= Yeongsan hoesang =

Korean traditional court music piece

Yeongsan hoesang (영산회상; 靈山會相) is a Korean court music repertoire originated from Buddhist music. Originally sung with 7 words chanting "Yeongsan hoesang bulbosal", the piece told the Buddha’s sermon in Mount Yeongsan, India, according to Lotus Sutra. After a long period, the piece is now performed instrumentally. There are 3 versions (Sam-yeongsanhoesang) including the play for wind instruments (pyojeongman bangjigok), strings (hyeonak yeongsan hoesang) and combination of string and wind instruments (pyeongjo hoesang).
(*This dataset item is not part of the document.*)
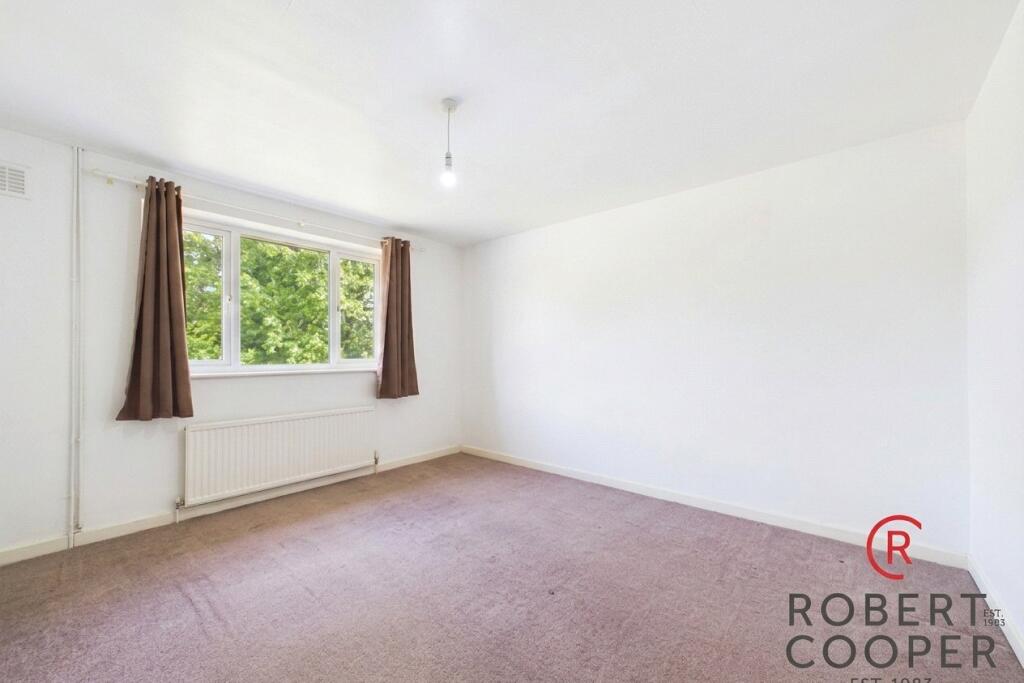 Apartment in London, Northwood - View 5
A Yeongsan hoesang play consists of 8 episodes which can be played fully without break either certain pieces presented separately. Tempo gradually increases during each episode except for the sixth episode that is slower than previous episode.

The 8 episodes are:
- sangyeongsan
- jungyeongsan
- seryeongsan
- garak dodeuri
- samhyeon hwanip
- yeombul hwanip
- taryeong
- gunak

Instruments used in Yeongsanhoesang are sepiri (small piri), daegeum (large bamboo flute), danso (short bamboo flute), haegeum (2 stringed fiddle), gayageum (12 stringed-zither), geomungo (6 stringed-zither), janggu (hourglass-shaped drum) and yanggeum (western style zither).